Valentia Observatory has a long history of upper-air measurements. Its location on the Atlantic seaboard makes it one of the most strategically positioned stations in north-western Europe. Its radiosonde measurement records date back as far as 1943.

Radiosonde Measurements
Upper-air ascents are made from the Observatory twice daily, at 1115 and 2315 GMT. Vaisala RS80 radiosondes with LORAN C windfinding and a DigiCORA ground station are used for all ascents. The radiosonde contains four sensors, two capacitive aneroid barometers for pressure, a capacitive bead for temperature and a Humicap thin film capacitor for humidity. The outputs of these capacitors vary with the changes in the parameters being monitored and are used in conjunction with a fixed inductor. For wind finding the sonde pinpoints its own position, using the LORAN C NAVAID system of radio transmitters, and relays its location back to the ground station. From the changes in these locations the computer can determine the wind speeds and directions aloft.

A radio transmitter sends the data back to the monitoring station. The sonde transmits data for each parameter in rotation. This is achieved by means of an electrical switch, which connects each element to the transmitter in turn.
At the Observatory the data from the sonde are received by a radio receiver in the ground station and are filtered, digitised and treated by the computer software. Processing of the incoming data is performed on a personal computer using METGRAPH, a custom designed program which performs filtering and quality control checks on the data.

As the balloon ascends, the pressure decreases with height. Temperature also decreases with height, with some significant variations, e.g. there is likely to be an inversion off the ground on a clear night or at a higher level with the approach of a warm front etc. This decrease in temperature continues up to a level known as the tropopause from where it more or less levels off. The height of the tropopause changes with the prevailing conditions and is very significant in weather forecasting. Humidity varies with atmospheric conditions and is monitored only to the 200 hPa level.
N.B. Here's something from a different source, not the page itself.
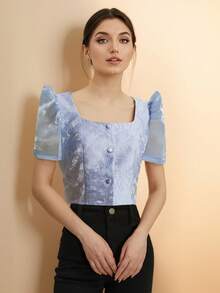 Amyenjoylife 现代菲律宾风优雅提花短袖衬衫，夏季 - 藍色 - 查看 3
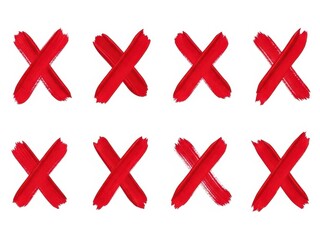 Obraz premium Eight red brush stroke x marks in two rows on white background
After burst, the data for each ascent are quality controlled and are transmitted from the station personal computer, via a modem, to the Computer Section in Met Éireann, Headquarters, from where they are distributed nationally to the forecasting offices and internationally through the Global Telecommunications System (GTS) of the World Meteorological Organisation. The data are transmitted using a special meteorological numerical code that is universally understood.

The data file for each ascent contains the following information: height (m), pressure (hPa), Temperature (oC), Humidity (%), time since launch (s), wind speed (m/s) and wind direction (ddd). The computer software allows profiles of temperature, humidity, wind speed and direction to be generated as a function of altitude, atmospheric pressure and time.

The sondes are carried aloft by a balloon made of natural rubber filled with helium. Due to the decrease in atmospheric pressure as the balloon ascends the gas in the balloon expands. Eventually the elasticity of the rubber in the balloon is reached and it bursts. The ascents normally last for about 90 minutes and the balloons can attain heights of over 30,000 metres.

An Automatic Shipboard Aerological Programme (ASAP) type semi-automatic launcher, made by Vaisala, is used to launch radiosonde ascents. This type of launcher is very suitable for a location like that of the Observatory because it is capable of launching in wind speeds above 15 m/s. It can also be rotated so that the balloon will always be launched down wind. As the system is based on simple pneumatics it is extremely reliable and requires very little "downtime" for servicing. Its system of gas measurement, distribution and balloon filling is both simple and safe.

Ozone sonde ascents are launched manually from a custom built filling house.